Nur-i azamdan bir kalp nuru Şâh Abdülkâdir.

Bahaeddin Nakşibend

 

Abdülkadir Geylanî küçüklüğünden itibaren ilme ve tasavvuf büyüklerine karşı derin bir heves ve iştiyak duymaktadır. Zamanın ilim ve kültür merkezi olan Bağdat´a gidip ilimle iştigal ve sâlihleri ziyaret etme hususunda annesinden izin ister. Bunun üzerine annesi babasından kalan bir miktar parayı oğluna verir ve ondan her ne olursa olsun yalan söylemeyeceğine dair söz alarak, gözyaşları ile onu uğurlar.

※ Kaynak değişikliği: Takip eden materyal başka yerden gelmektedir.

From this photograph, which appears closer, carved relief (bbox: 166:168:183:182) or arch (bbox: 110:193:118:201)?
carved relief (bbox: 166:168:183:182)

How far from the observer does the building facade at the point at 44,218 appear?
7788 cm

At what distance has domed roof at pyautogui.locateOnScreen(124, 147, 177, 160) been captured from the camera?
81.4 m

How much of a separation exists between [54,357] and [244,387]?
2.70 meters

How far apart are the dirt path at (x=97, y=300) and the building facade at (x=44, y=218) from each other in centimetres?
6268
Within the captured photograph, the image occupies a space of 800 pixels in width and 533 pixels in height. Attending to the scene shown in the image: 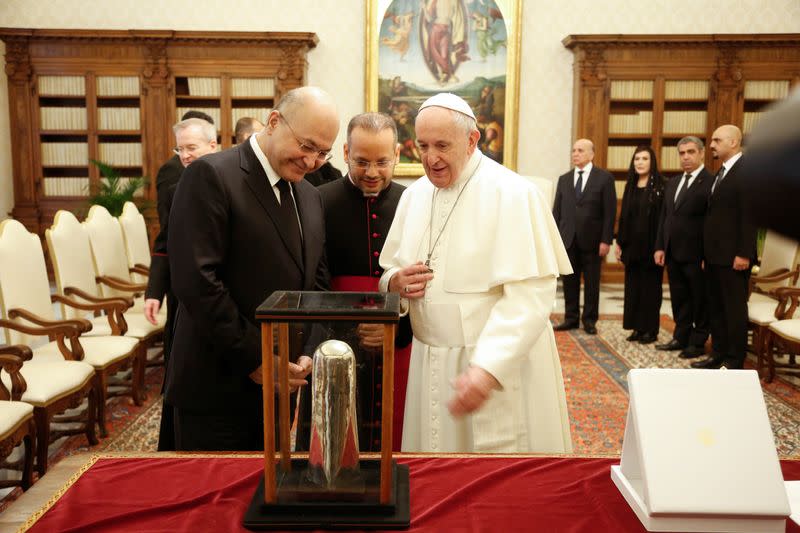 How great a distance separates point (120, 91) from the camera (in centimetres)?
985

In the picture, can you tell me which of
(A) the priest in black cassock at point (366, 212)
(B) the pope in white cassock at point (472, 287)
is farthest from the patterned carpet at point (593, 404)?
(A) the priest in black cassock at point (366, 212)

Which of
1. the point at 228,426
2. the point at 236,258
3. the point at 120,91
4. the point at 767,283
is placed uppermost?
the point at 120,91

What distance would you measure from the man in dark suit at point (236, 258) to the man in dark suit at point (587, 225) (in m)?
5.56

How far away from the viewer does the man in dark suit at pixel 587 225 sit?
7.37 metres

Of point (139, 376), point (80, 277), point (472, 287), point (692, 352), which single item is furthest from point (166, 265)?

Yolda Abdülkadir Geylanî´nin de içerisinde bulunduğu kafileyi haramiler basar. Herkesten kıymetli eşyasını alırlar. Haramilerin reisi Abdülkadir Geylanî´ye nesi olduğunu sorar. O da elbisesinin altına dikilmiş bir kese içerisinde kırk dinarı olduğunu söyler. Reis önce karşısındaki gence inanmak istemez. Ama olayı tetkik edip de gencin tarif ettiği yerde paranın hakikaten var olduğunu görünce, onun dürüstlüğüne hayran kalır ve yaptığı işten pişmanlık duyarak tevbe eder.

Bu menkıbeyi bekli de bilmeyenimiz yoktur. Ancak ilim için yola çıkan ve kemalâtta “gavs” olan Abdülkadir´in, özü ile sözü ile daha yolun başında doğruluğu ilke edinmesi büyük hikmetler gizlemektedir. Bu yaşananlar tabiî ki de alelade şeyler değildir.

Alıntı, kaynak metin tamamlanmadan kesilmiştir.